Definition: The developer will be the main person to use the software. Once it ‘works’, the code may never need to changed. The Software will only be used when the developer is present, or through automated testing tools.

Lifecycle: The source code is usually no longer needed once the code is judged as complete. On occasions, this software can be ‘brought back from the dead’, but usually, only the developer even knew the software existed.

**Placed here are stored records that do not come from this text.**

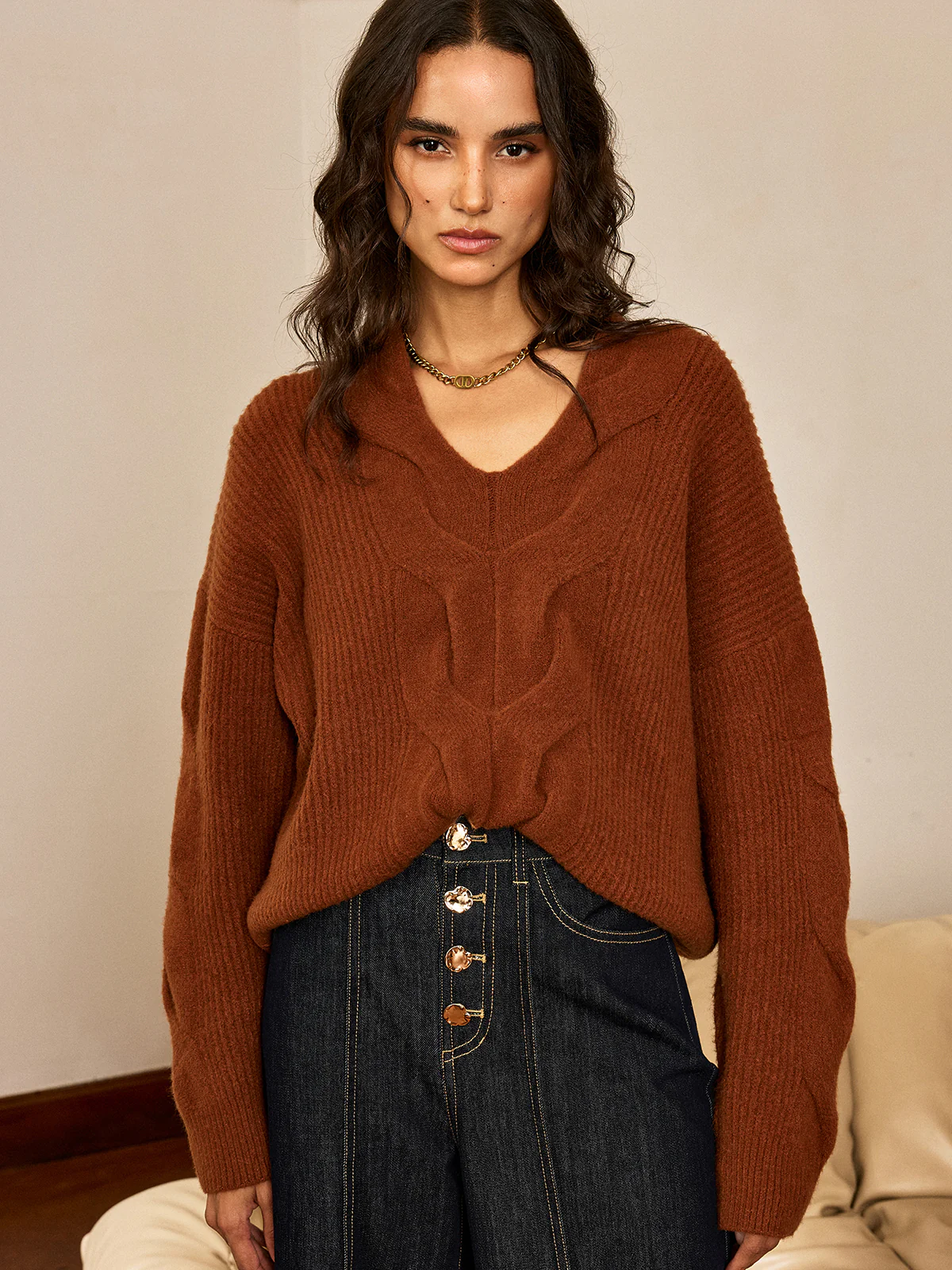 Wool Blend Textured Knit V-Neck Sweater - Wholesalesil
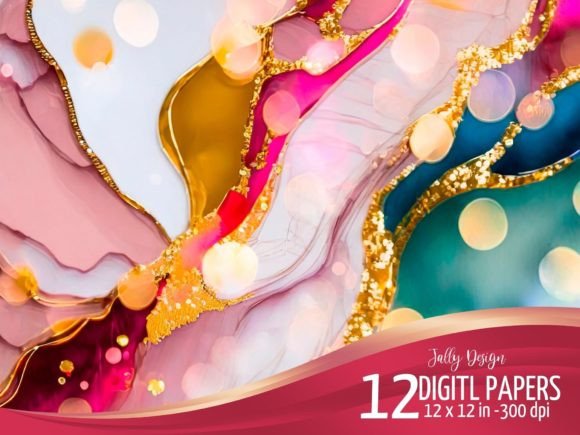 Unlock Creative Potential with Pink Bokeh Alcohol Ink Glam Backgrounds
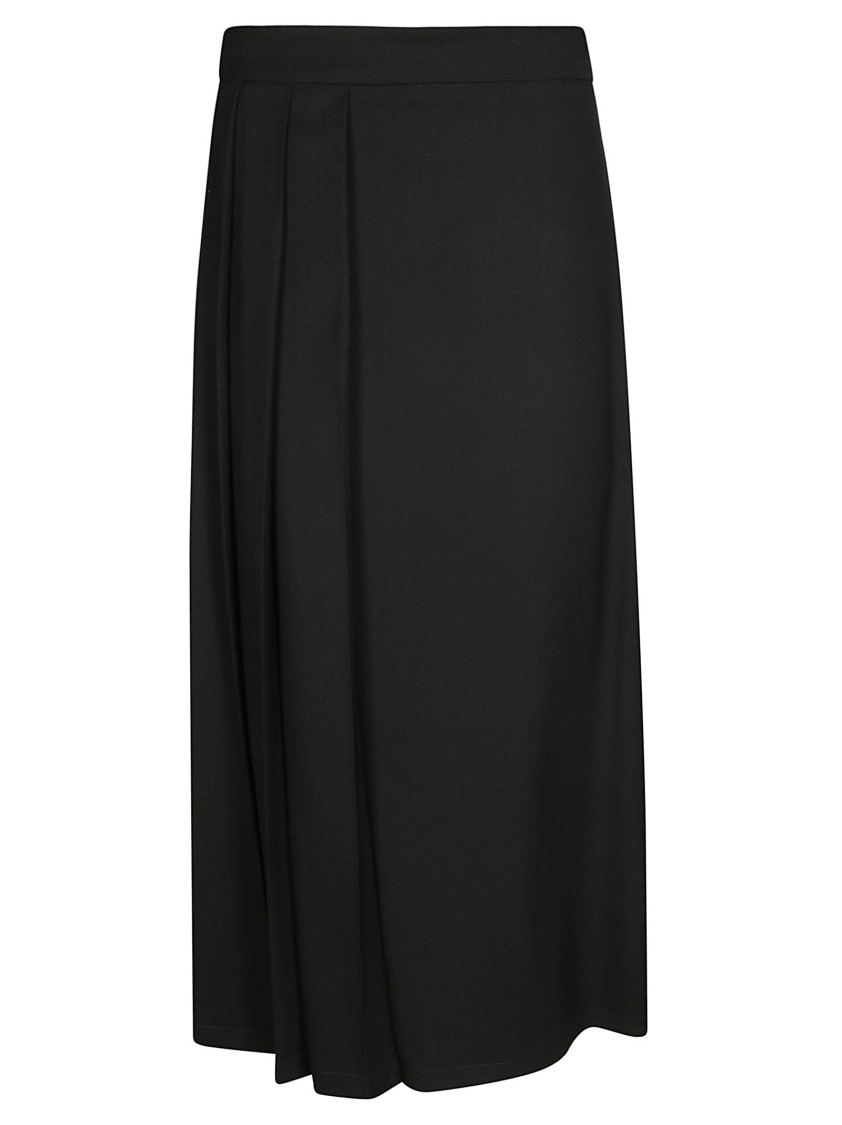 P.a.r.o.s.h Parosh Black Pleated Midi Skirt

This is ever expanding area of software.  Just as typing was once performed by specialist typists, but now everyone can type, we are moving towards a world where everyone can program.

Examples:

  • Tutorials, Education exercises and assignments
  • Data conversion software and single run reports and data analysis
  • Some embedded systems
  • Software for environments that will never change
  • The very first computer programs

Why write software for a single use?  This is not how most non-programmers think of software, but in fact a very significant and ever increasing proportion of software is written for use only by the author of the software, and for use in a few runs of the software, with the software very often then abandoned.  Consider how we learn to program.  Once the software is marked, it has served its purpose and will normally be abandoned.  In fact, most of us learn to program writing almost only single use software. Over and over we improve this skill.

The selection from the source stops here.